06.09.2018

Firmenschilder haben auf Grabsteinen nichts zu suchen

Ein Unternehmen, das Grabmale herstellt und auf Friedhöfen aufstellt, verstößt gegen § 3a UWG (i.V.m. der gemeindlichen Friedhofssatzung), wenn es auf den von ihm aufgestellten Grabmalen Firmenschilder mit der Angabe seines Unternehmensnamens und -sitzes sowie seiner Telefonnummer anbringt, obwohl die Friedhofssatzung das Anbieten von Waren und Dienstleistungen auf dem Friedhof verbietet. Der Verstoß ist geeignet, die Interessen der Verbraucher - der Besucher des Friedhofs - spürbar zu beeinträchtigen.
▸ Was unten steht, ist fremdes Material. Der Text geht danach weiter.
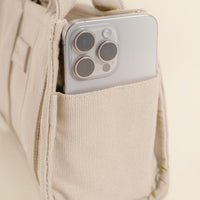 Baby Sloane Tote - Taupe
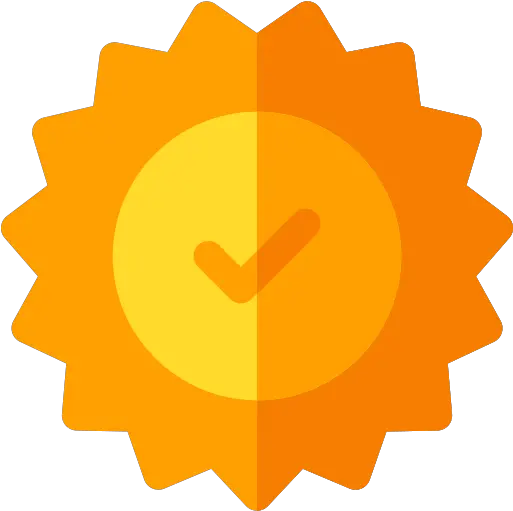 Free Icon Guarantee Icono Amarillo De Garantia Png Guarantee Icon Png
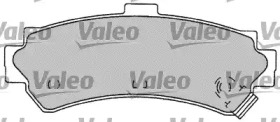 VALEO 598072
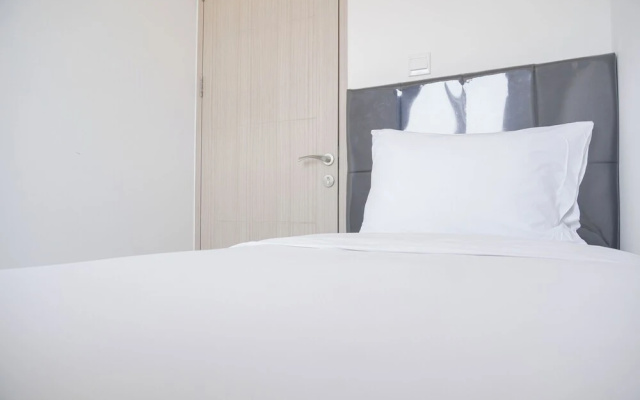 Fancy And Nice 2Br Apartment At Tokyo Riverside Pik 2
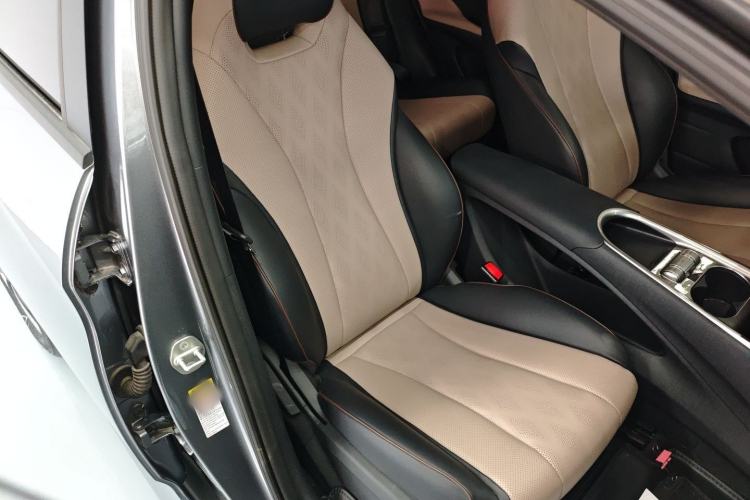 Used BYD Dolphin 2023 420 km Free Version Right Front Seat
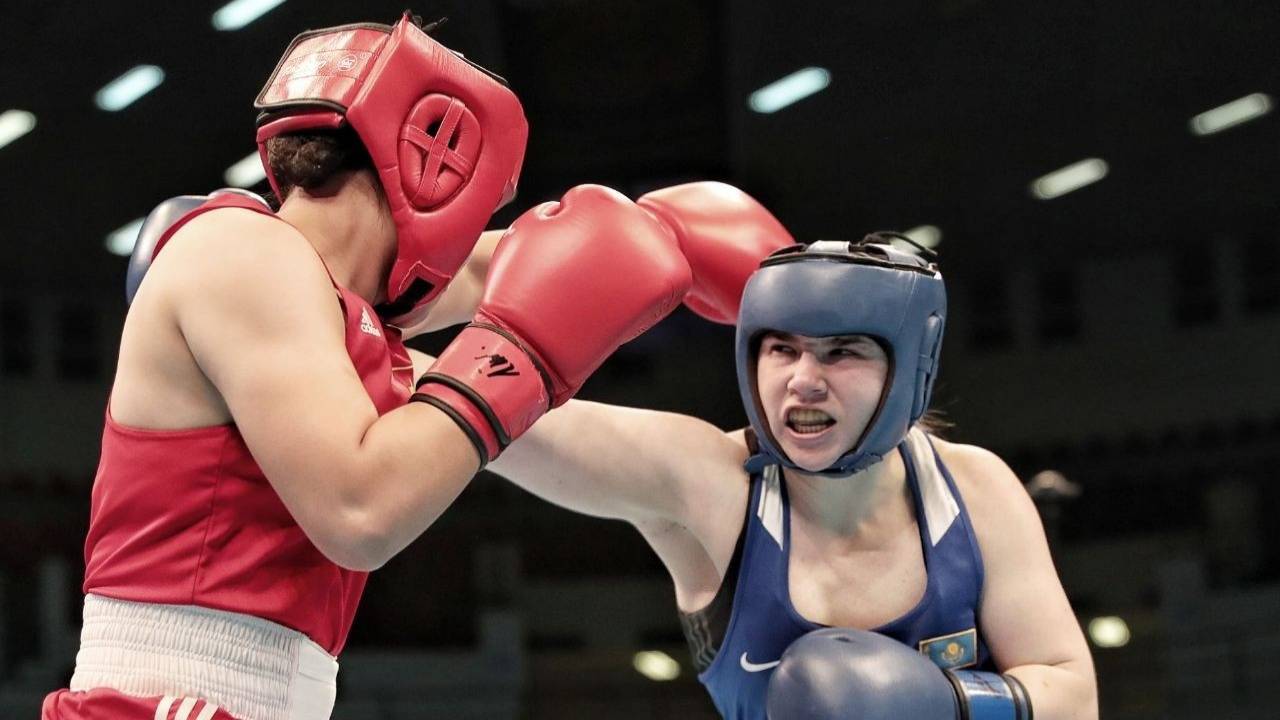 Трое казахстанских боксеров вышли в финал турнира "Странджа-202"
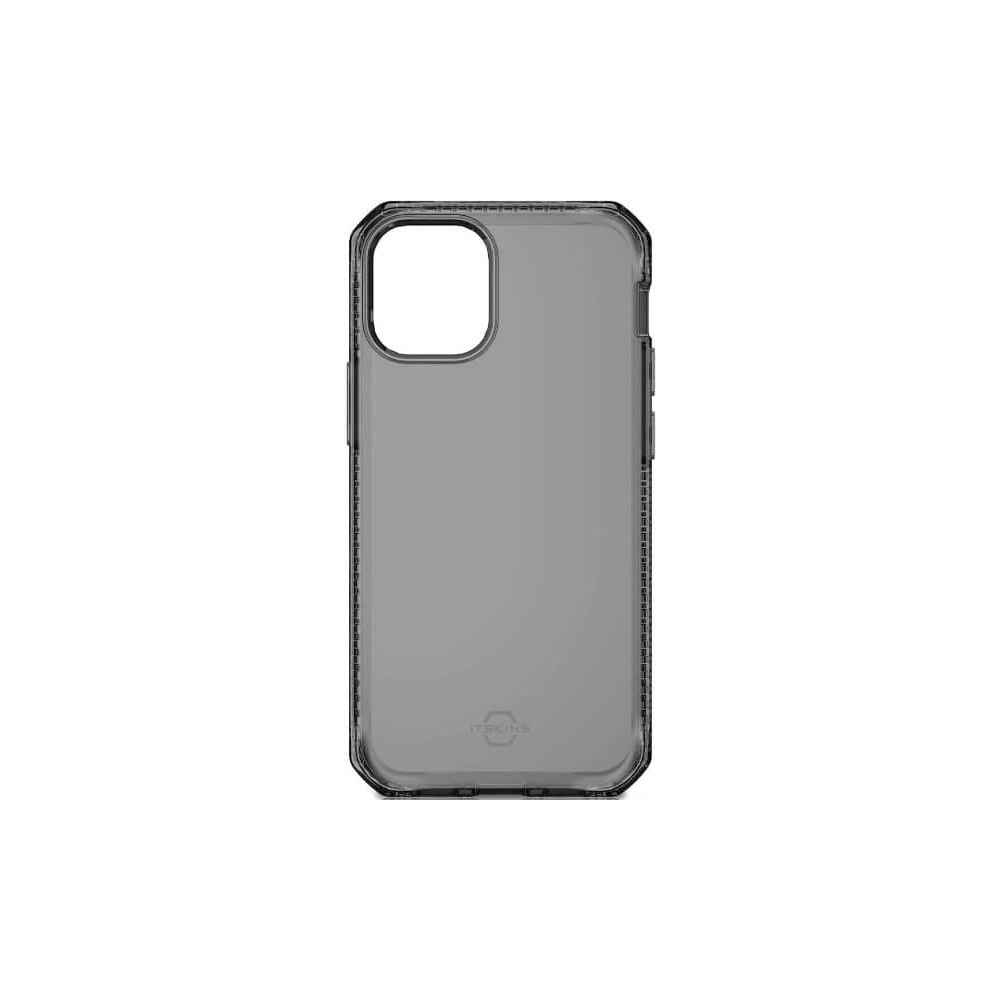 Hurtownia GSM - Etui ITSKINS Spectrum Clear Apple iPhone 12 mini černé - ITS050BLK - {ean13} - Hurt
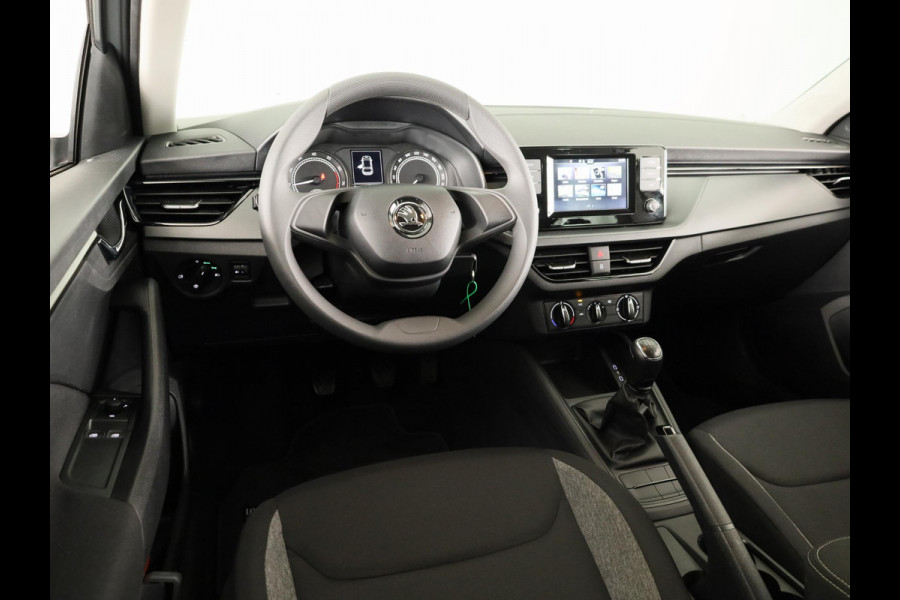 Škoda SCALA 1.0 TSI Active 95pk | Navigatie via App | Airconditioning | DAB+ Radio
OLG Stuttgart 5.7.2018, 2 U 167/17
Der Sachverhalt:

Die Verfügungsklägerin verkauft Grabmale, sog. Urnensäulen, die sie u.a. über das Internet vertreibt. Die Verfügungsbeklagte stellt Grabsteine her, die sie auf verschiedenen Friedhöfen aufstellt und an ihnen ein Firmenschild der Größe von ca. 9 cm x 2 cm anbringt. Darauf ist neben der Unternehmensbezeichnung, der Sitz des Unternehmens sowie die Telefonnummer angebracht. Die Verfügungsklägerin sieht hierin einen Verstoß gegen die jeweiligen Friedhofssatzungen der betreffenden Kommunen, wonach es auf dem Friedhof nicht gestattet sei, "Waren und gewerbliche Dienste anzubieten" sowie einen Verstoß gegen § 7 UWG.

Das LG hat den Antrag auf Erlass einer einstweiligen Verfügung zurückgewiesen. Zur Begründung führte es aus, es liege zwar ein Verstoß gegen die Friedhofssatzungen vor, dieser sei jedoch nicht spürbar, weil die Beschriftung lediglich aus geringer Entfernung entziffert werden könne. Auf die Berufung der Verfügungsklägerin hat das OLG das erstinstanzliche Urteil aufgehoben und der Klage weitestgehend stattgegeben.

Die Gründe:

Da sich der geltend gemachte Unterlassungsanspruch schon aus dem Verstoß gegen § 3a UWG ergibt, bedarf es keiner Entscheidung, ob daneben auch ein Erstverstoß gegen § 7 UWG vorliegt.

Entgegen der Auffassung des LG ist der Verstoß geeignet, die Interessen von Verbrauchern, sonstigen Marktteilnehmern oder Mitbewerbern spürbar zu beeinträchtigen. Spürbarkeit ist dann zu bejahen, wenn eine Beeinträchtigung der geschützten Interessen nicht nur theoretisch, sondern auch tatsächlich mit einer gewissen Wahrscheinlichkeit eintreten kann. Dabei sind die Umstände des Einzelfalls zu berücksichtigen.

Zutreffend stellte das LG einzig auf die Wirkung auf Besucher des Friedhofs ab und nicht auch auf die Interessen der Mitbewerber der Verfügungsbeklagten. Das Werbeverbot schützt die Trauernden vor einer Belästigung durch die Verfolgung kommerzieller Interessen, nicht aber die Mitbewerber davor, dass ein Wettbewerbsvorsprung durch einen Missbrauch des Friedhofs als "Messe" oder als "Leistungsschau" für Waren und Dienstleistungen für Beerdigungsleistungen erzielt wird.

Die Besucher des Friedhofs können sich auch schon dann in ihrer Trauer und ihrem Gedenken an die Verstorbenen von den Firmenschildern gestört fühlen, wenn die Werbung erst bei näherem Hinsehen als solche erkennbar ist. Anders als von den Verfügungsbeklagten dargestellt, ist das Schild auch nicht lediglich kaum wahrnehmbar, sondern erzeugt bei einer Größe von ca. 9 cm x 2 cm eine Anlockwirkung und ist - zumindest, wenn sich der Trauernde in unmittelbarer Nähe befindet - gut lesbar. Nicht maßgeblich ist, ob die Friedhofsverwaltung solche Kennzeichnungen - bis zur Größe eines Fünfmarkstücks - duldet. Für die Frage der Spürbarkeit ist es unerheblich, ob die Verwaltungsbehörde von einer Sanktionsmöglichkeit Gebrauch macht.